[WHAT THE EXERCISE ASKS]: The data that follows must be transcribed in full and exactly, minus the pictures.

──────── AVAILABLE DATA

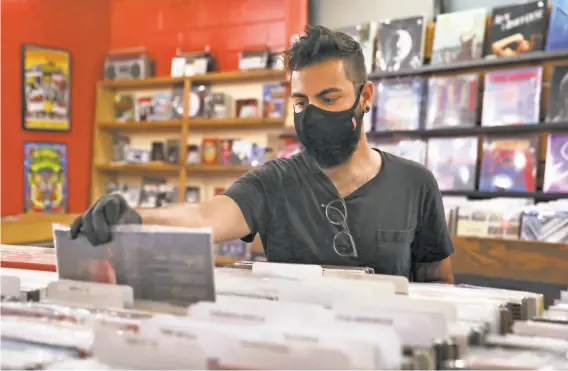  ?? Liz Hafalia / The Chronicle ?? Clinton Johnson of Oakland browses through albums this month at 1234 Go, wearing a mask and gloves that were given to him as he entered the store.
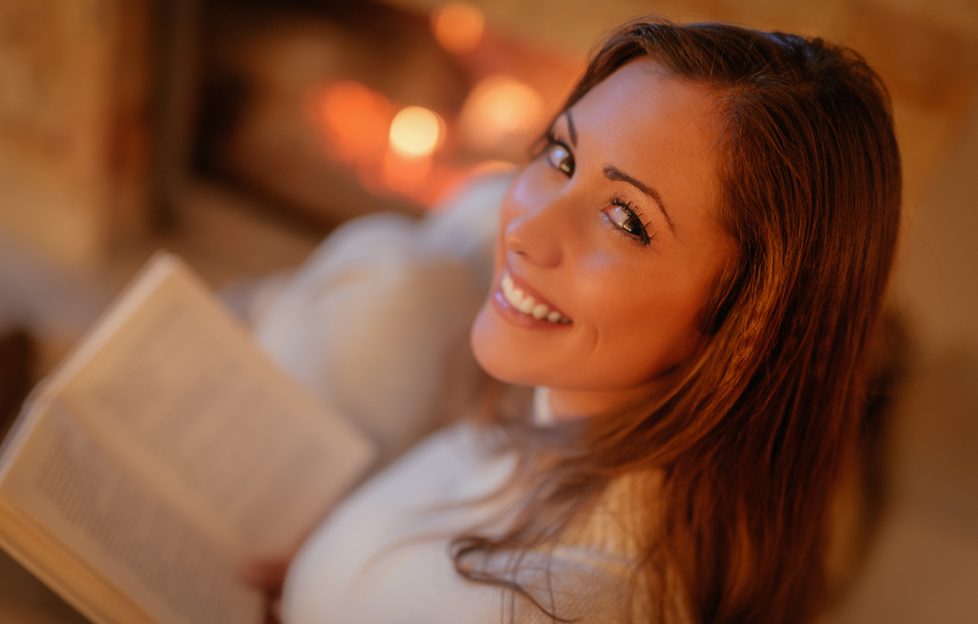 Lady reading at fire Pic: Shutterstock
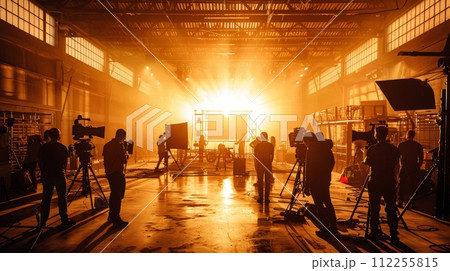 AI-generated content. Warm light on film set bathed, creating silhouette effect. Indoor space with natural light. Crew members working with filming equipment. 112255815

────────────────

[TASK ANSWER]:
  ?? Liz Hafalia / The Chronicle ?? Clinton Johnson of Oakland browses through albums this month at 1234 Go, wearing a mask and gloves that were given to him as he entered the store.
 Lady reading at fire Pic: Shutterstock
 AI-generated content. Warm light on film set bathed, creating silhouette effect. Indoor space with natural light. Crew members working with filming equipment. 112255815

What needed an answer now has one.